- [Exercise]:
Return the listing exactly, please; no pictures.

(Beginning of Provided data)

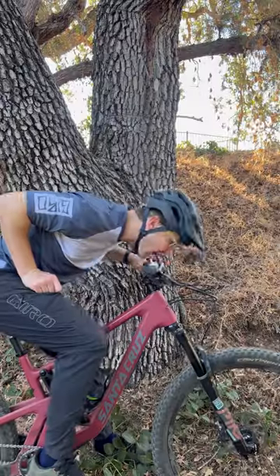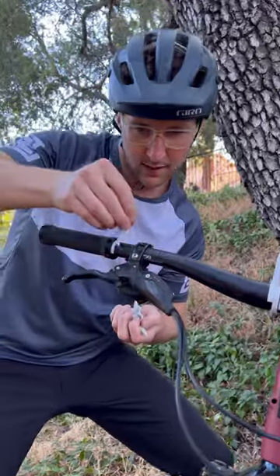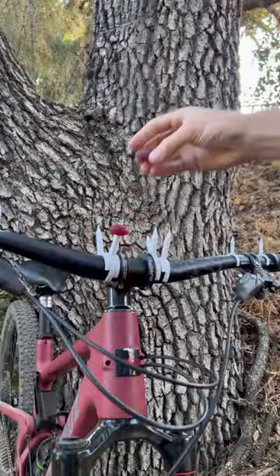I created Snack Spikes, a dangerously fun new way to carry your calories. Simply clip the ultra-sharp food grade stakes onto your handlebars, then find your favorite squishy snack and firmly impale it on the spikes.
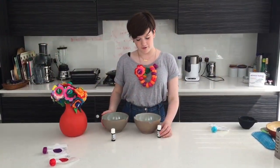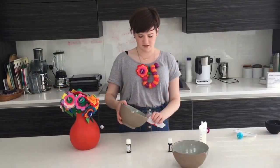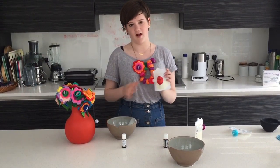Then mix in your essential oils. I'm using lavender oil and eucalyptus. This is the equivalent of factor 20 because we added two tablespoons of zinc oxide, but you can add more for higher protection in practice.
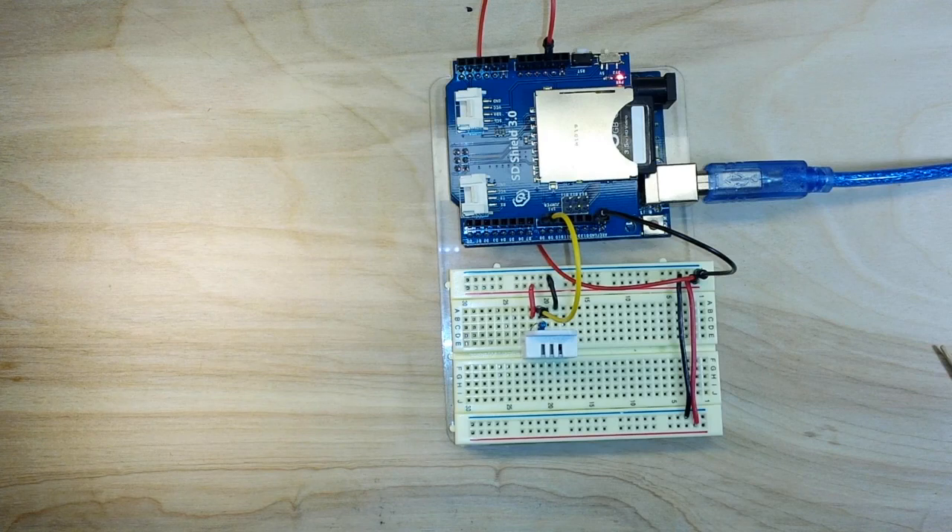Now you guys know how to do basic data logging with your Arduino. You can data log from as many sensors as you want — just add them to the string and write them to the file. If you like this, give me a thumbs up, feel free to comment, share, and ask any questions. I do read every message and I'll get back to you as quick as I can — catch you next time.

(End of Provided data)

- [Answer space]:
I created Snack Spikes, a dangerously fun new way to carry your calories. Simply clip the ultra-sharp food grade stakes onto your handlebars, then find your favorite squishy snack and firmly impale it on the spikes.
Then mix in your essential oils. I'm using lavender oil and eucalyptus. This is the equivalent of factor 20 because we added two tablespoons of zinc oxide, but you can add more for higher protection in practice.
Now you guys know how to do basic data logging with your Arduino. You can data log from as many sensors as you want — just add them to the string and write them to the file. If you like this, give me a thumbs up, feel free to comment, share, and ask any questions. I do read every message and I'll get back to you as quick as I can — catch you next time.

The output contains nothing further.